At an entry side of the finishing mill group 10 (the 1st finishing mill 11) and at a delivery side of the scale breaker 31, a molten glass coating material application device 41 is provided for delivering molten glass in the form of a jet to the upper and lower surfaces of the rolled material S to form a molten glass film thereon. In the molten glass coating material application device 41 as shown in Fig. 2, an upper head 42 and a lower head 43 are disposed above and below the rolled material S, respectively. In the heads 42 and 43, slit- like jet nozzles 44 and 45, respectively, are formed opposite and relatively close to the rolled material S. A melting tank 46 storing molten glass is installed adjacent the heads 42 and 43 and a heater 47 is mounted to its underside. The melting tank 46 is connected to the heads 42 and 43 via a supply pipe 49 having a pump 48 midway. The upper head 42, the lower head 43, the melting tank 46, and the supply pipe 49 also included respective heat insulators 42a, 43a, 46a and 49a.

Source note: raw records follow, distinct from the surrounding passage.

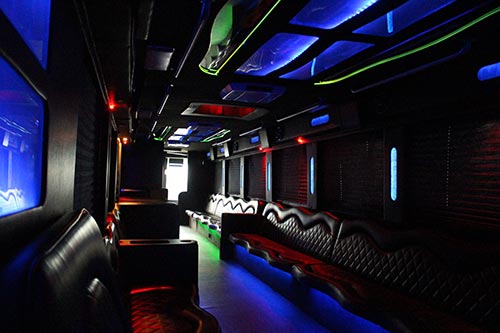 A bus with many seats and lights on the ceiling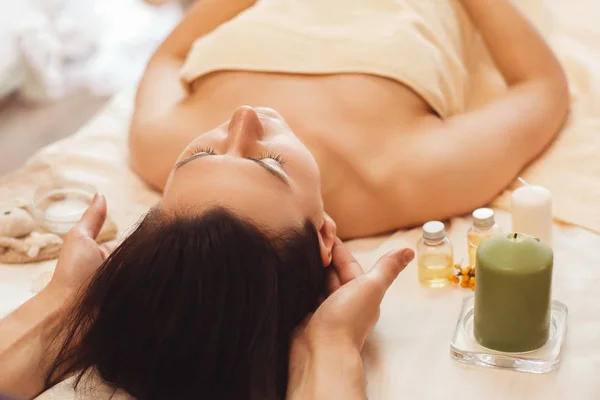 Woman with migraine relaxing at salon free space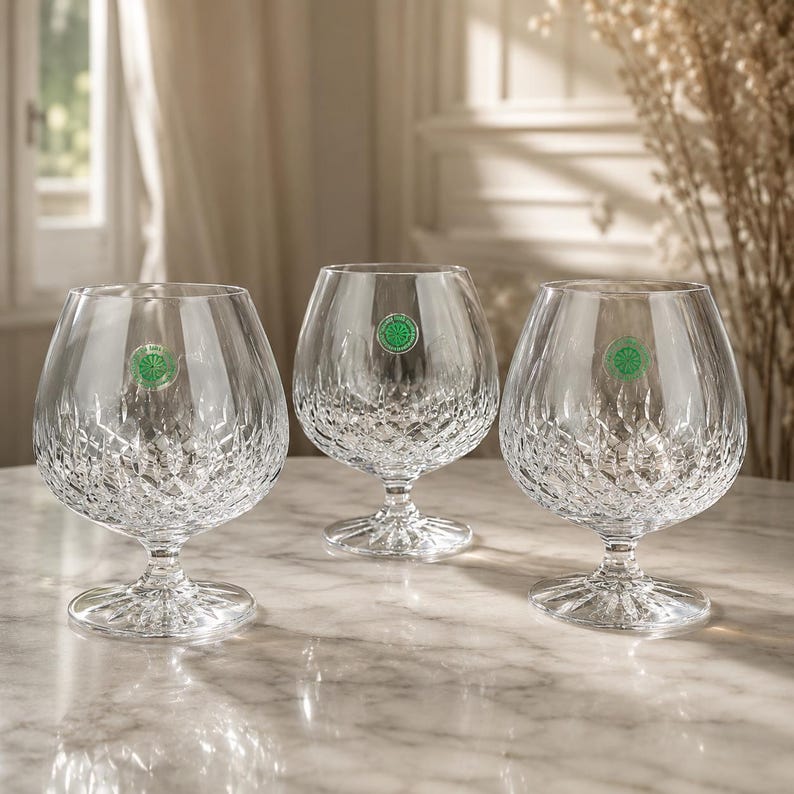 May include: Three clear crystal brandy snifters featuring a detailed diamond-cut pattern on the lower bowl and a starburst design on the circular base. Each glass has a small round green sticker with white text applied to the upper bowl.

Thus, when the rolled material S is to be finish rolled by the hot finishing mill system of the embodiment shown in Fig. 1, the rolled material S, transported after rough rolling from a slab by a roughing mill, not shown, is conveyed to the entry side of the finishing mill group 10, where scale formed on the surfaces of the rolled material S is removed by the scale breaker 31 before finish rolling. In detail, water pressurized at, say, 200 kgf/cm², is jetted through the upper and lower jet nozzles 32 to the upper and lower surfaces of the conveyed rolled material S to remove the adhering scale.
Then, the molten glass coating material jet type of application device 41 jets molten glass to the upper and lower surfaces of the rolled material S to form a molten glass film thereon. As shown in detail in Fig. 2, molten glass is prepared and heated in the melting tank 46 by the heater 47. The molten glass is supplied to the upper head 42 and the lower head 43 through the supply pipe 49 upon actuation of the pump 48, and delivered to the upper and lower surfaces of the rolled material S by the jet nozzles 44, 45. As a result, a molten glass film is formed on the upper and lower surfaces of the rolled material S, whereby contact between air and the rolled material S is blocked in order to prevent the formation of scale.
The descaled, molten glass-coated, rolled material S is transported to the finishing mill group 10 for rolling by the work rollers 21, 22, 23, 24, 25, 26 and 27 of the respective finishing mills 11, 12, 13, 14, 15, 16 and 17. At this time, the rolled material S is kept out of contact with air because of the molten glass film formed on its surfaces.
Thus, the rolled material S is sequentially finish rolled to predetermined thicknesses without scale formation. The molten glass film formed on the surfaces of the rolled material S is effective as a satisfactory lubricating material, and can decrease the rolling load in the finishing mills 11 to 17.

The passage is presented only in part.